# 🎨 NeMo Data Designer: Synthetic Reasoning Traces

> ⚠️ **Warning**: NeMo Data Designer is current in Early Release and is not recommended for production use.
>
> **Note**: In order to run this notebook, you must have the NeMo Data Designer microservice deployed locally via docker compose. See the [deployment guide](http://docs.nvidia.com/nemo/microservices/latest/set-up/deploy-as-microservices/data-designer/docker-compose.html) for more details.
>
> Alternatively, you can use the [NeMo Data Designer managed service](https://build.nvidia.com/nemo/data-designer). Please refer the [intro-tutorials](../../intro-tutorials/1-the-basics.ipynb) on how to connect to it. 
>
> **Note**: If you are using the NeMo Data Designer managed service, you will only be able to launch preview jobs. You will not be able to launch jobs using the `create` method.

This notebook demonstrates how to use NeMo Data Designer to build a synthetic data generation pipeline tailored for reasoning tasks. Instead of creating multi-turn conversations, we will generate reasoning traces that can be utilized for training and fine-tuning language models with reinforcement learning techniques and invoking chain-of-thought processing.

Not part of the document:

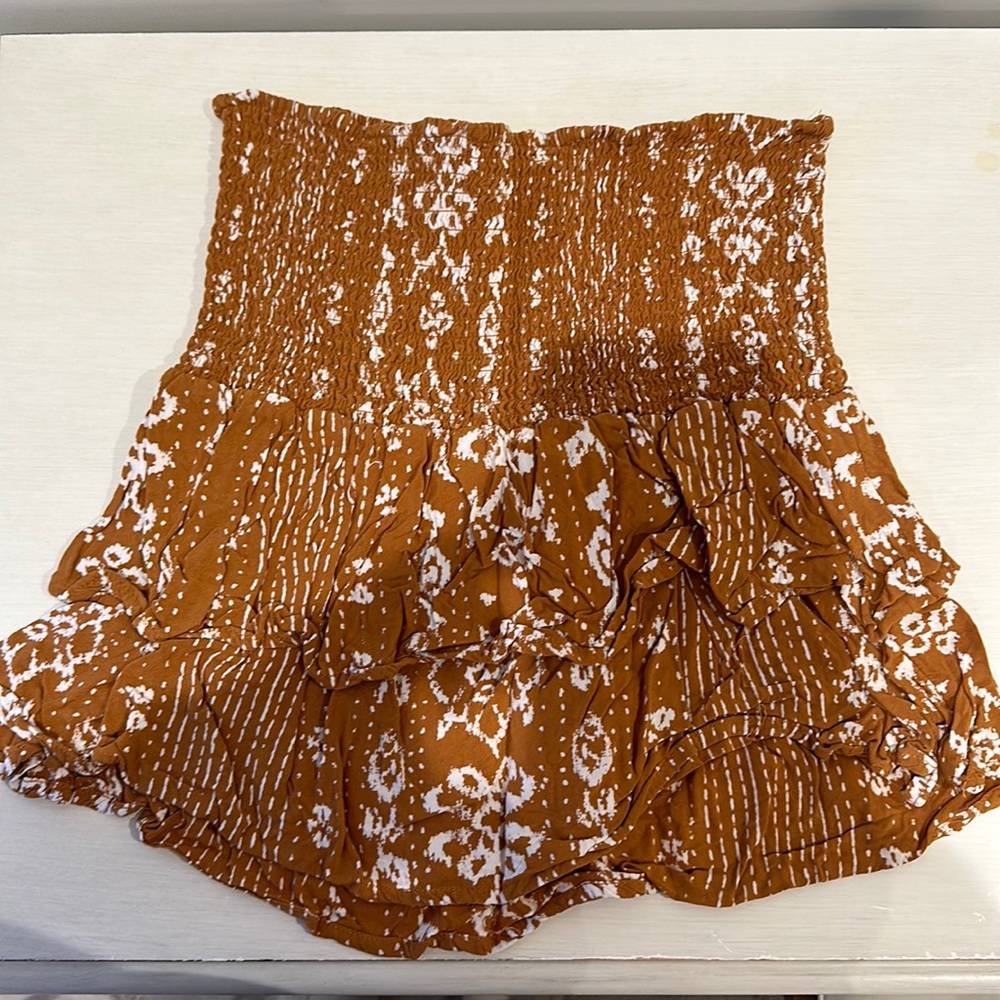 Ripcurl from Nordstrom mini beach skirt in a tan color with a white design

These synthetic reasoning traces can be used to enhance model performance in areas such as mathematics, coding, scientific reasoning, and other domains that benefit from structured reasoning.

#### 💾 Install dependencies

**IMPORTANT** 👉 If you haven't already, follow the instructions in the [README](../../README.md) to install the necessary dependencies. Note you may need to restart your kernel after setting up the environment.

In [None]:
from nemo_microservices import NeMoMicroservices
from nemo_microservices.beta.data_designer import (
    DataDesignerConfigBuilder,
    DataDesignerClient,
)
from nemo_microservices.beta.data_designer.config import columns as C
from nemo_microservices.beta.data_designer.config import params as P

### ⚙️ Initialize the NeMo Data Designer Client

- The data designer client is responsible for submitting generation requests to the Data Designer microservice.
- In this notebook, we connect to a local deployment of data designer. You can deploy your own instance of data designer by following the deployment instructions [here](https://docs.nvidia.com/nemo/microservices/latest/set-up/deploy-as-microservices/data-designer/docker-compose.html).


In [None]:
data_designer_client = DataDesignerClient(client=NeMoMicroservices(base_url="http://localhost:8080"))

### 🏗️ Initialize the Data Designer Config Builder

- The Data Designer config defines the dataset schema and generation process.

- The config builder provides an intuitive interface for building this configuration.

- You must provide a list of model configs to the builder at initialization.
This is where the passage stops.